L'OMBELICO MAGICO

MERCOLEDI 11 maggio 2016


ore 21.15

Serata evento di presentazione del film con la regista ed alcuni componenti del cast



Produzione: Claudio Giapponesi KINE' in collaborazione con Ombre Elettriche con la partecipazione Regione Toscana

Distribuzione: KINE'

Italia, 2015 - 72 min


L'OMBELICO MAGICO

soggetto e regia Laura Cini


Montaggio Andrea Di Fede

riprese e fotografia Philine von Düszeln

presa diretta, sound design e missaggio Mirko Fabbri

Musica Marco Lamion 

correzione colore Sirio Zabberoni

Titolo originale The Magic Legacy

Docu-fiction, durata 73 min. - Italia 2015


In una piccola cittadina turistica della Versilia, nella Toscana del nord, stretta tra tradizioni contadine e mondanità sfarzosa, avviene l’insolito incontro tra due donne: un’anziana signora con antichi poteri ancestrali e una giovane ragazza che vorrebbe diventare la sua erede magica. Sullo sfondo della crisi, economica e di valori, due universi, due sensibilità si confrontano, spaventate e al tempo stesso attratte dal diverso linguaggio che parlano.
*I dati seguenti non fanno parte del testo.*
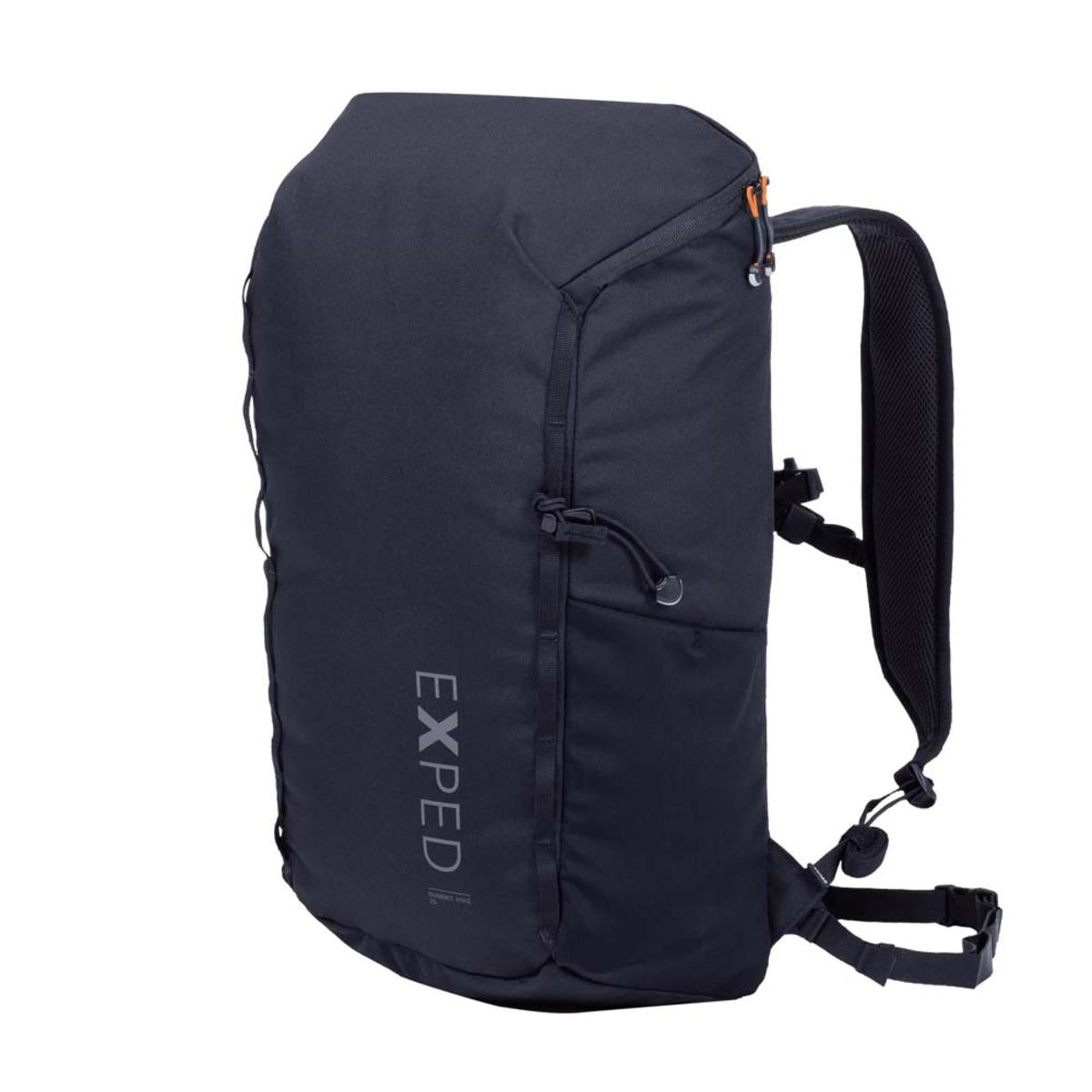 Exped Summit Hike 25L Backpack - Black Exped Summit Hike 25L Backpack - Black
Un piccolo apologo sui grandi cambiamenti e sul bisogno profondo di spiritualità che ritorna prepotente ogni volta che la prosperità e la stabilità economica sembrano vacillare.


Trattamento breve

La Versilia ha vissuto una lenta e inesorabile decadenza dal picco glamour degli anni ‘60. Oggi, a causa della crisi, il fulcro della stagione turistica, che fino a qualche anno fa copriva l’estate intera, si è ridotto alle settimane centrali di agosto.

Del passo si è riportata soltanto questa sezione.